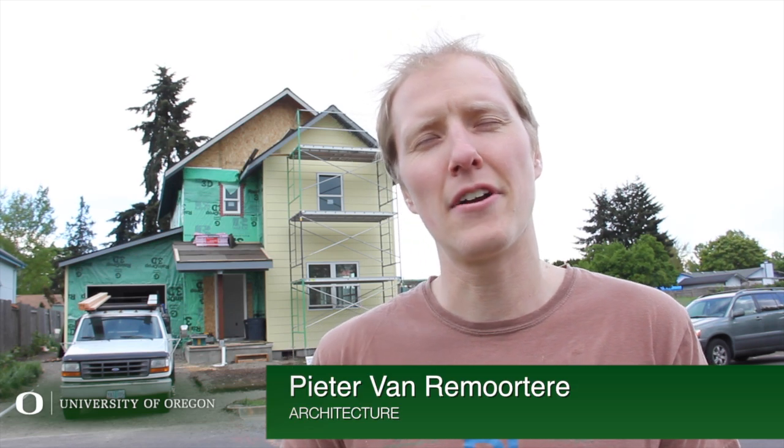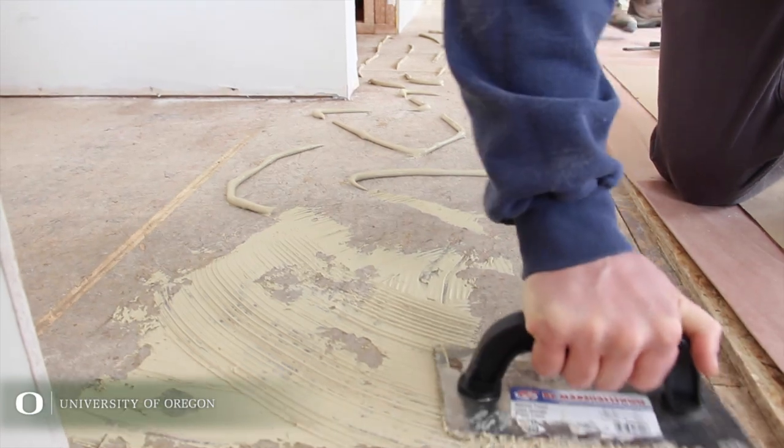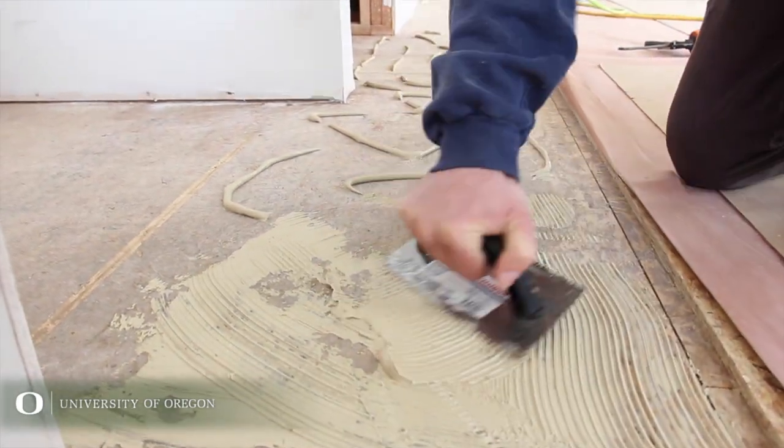We spend a lot of time in studio designing sites and figuring out all the ways in which the site comes together, but we never actually get to go out and build very often. And so this is kind of a culmination of all the experiences that I've had within studio in terms of designing, and then you actually get to go into the field and build.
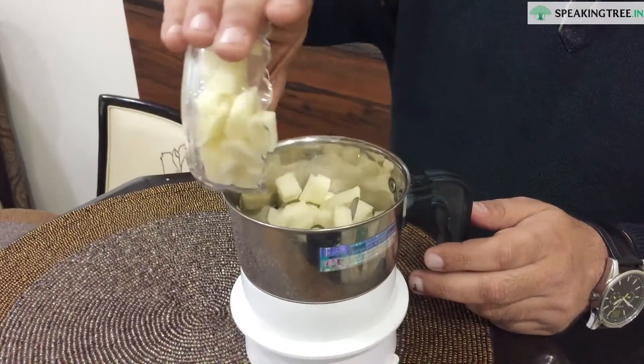Take one potato and make a paste of it in the mixer. Gently massage your face with the paste for some 10 minutes, then leave it for 15 minutes and wash it. You will find the lost glow back for sure.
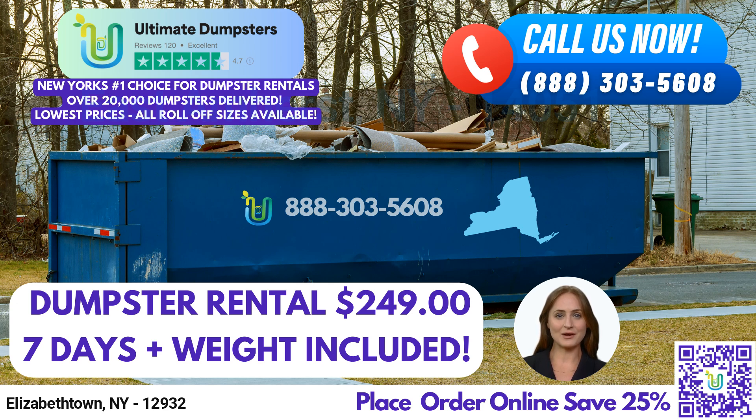Finally, our 40-yard dumpster measures 22 feet long, 8 feet wide, and 8 feet high and can handle the largest projects such as commercial demolition and debris disposal. We take pride in our ability to provide waste management services that meet your needs and budget. Our roll-off containers are ideal for junk removal, construction dumpsters, trash containers, and debris disposal. Whether you need residential or commercial dumpsters, we've got you covered.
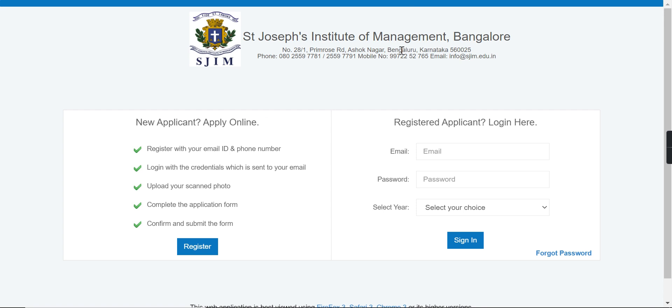You can see the phone number on screen. If you have any information about this university, and if you have already registered, you will click here. You will add your email, password, and your year, and accordingly you will sign in.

........

● WHAT YOU NEED TO DO
Begin at the line containing "Take one potato" and write out every line to the end of the data exactly. Skip the pictures.

● RESPONSE TO THE TASK
Take one potato and make a paste of it in the mixer. Gently massage your face with the paste for some 10 minutes, then leave it for 15 minutes and wash it. You will find the lost glow back for sure.
Finally, our 40-yard dumpster measures 22 feet long, 8 feet wide, and 8 feet high and can handle the largest projects such as commercial demolition and debris disposal. We take pride in our ability to provide waste management services that meet your needs and budget. Our roll-off containers are ideal for junk removal, construction dumpsters, trash containers, and debris disposal. Whether you need residential or commercial dumpsters, we've got you covered.
You can see the phone number on screen. If you have any information about this university, and if you have already registered, you will click here. You will add your email, password, and your year, and accordingly you will sign in.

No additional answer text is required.